The ability to change the persona of a process can be a source of unintentional privacy violations, or even intentional abuse. Because of the potential for problems, changing persona is restricted to special circumstances.
You can’t arbitrarily set your user ID or group ID to anything you want; only privileged processes can do that. Instead, the normal way for a program to change its persona is that it has been set up in advance to change to a particular user or group.

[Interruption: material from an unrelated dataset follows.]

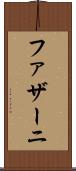 ファザーニ Scroll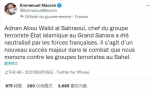 马克龙：法国军队击毙“伊斯兰国”撒哈拉地区领导人 - 西安网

This is the function of the setuid and setgid bits of a file’s access mode. See The Mode Bits for Access Permission.
When the setuid bit of an executable file is on, executing that file gives the process a third user ID: the file user ID. This ID is set to the owner ID of the file. The system then changes the effective user ID to the file user ID. The real user ID remains as it was. Likewise, if the setgid bit is on, the process is given a file group ID equal to the group ID of the file, and its effective group ID is changed to the file group ID.
If a process has a file ID (user or group), then it can at any time change its effective ID to its real ID and back to its file ID. Programs use this feature to relinquish their special privileges except when they actually need them. This makes it less likely that they can be tricked into doing something inappropriate with their privileges.
Portability Note: Older systems do not have file IDs.
To determine if a system has this feature, you can test the compiler
define _POSIX_SAVED_IDS
. (In the POSIX standard, file IDs are
known as saved IDs.)
See File Attributes, for a more general discussion of file modes and accessibility.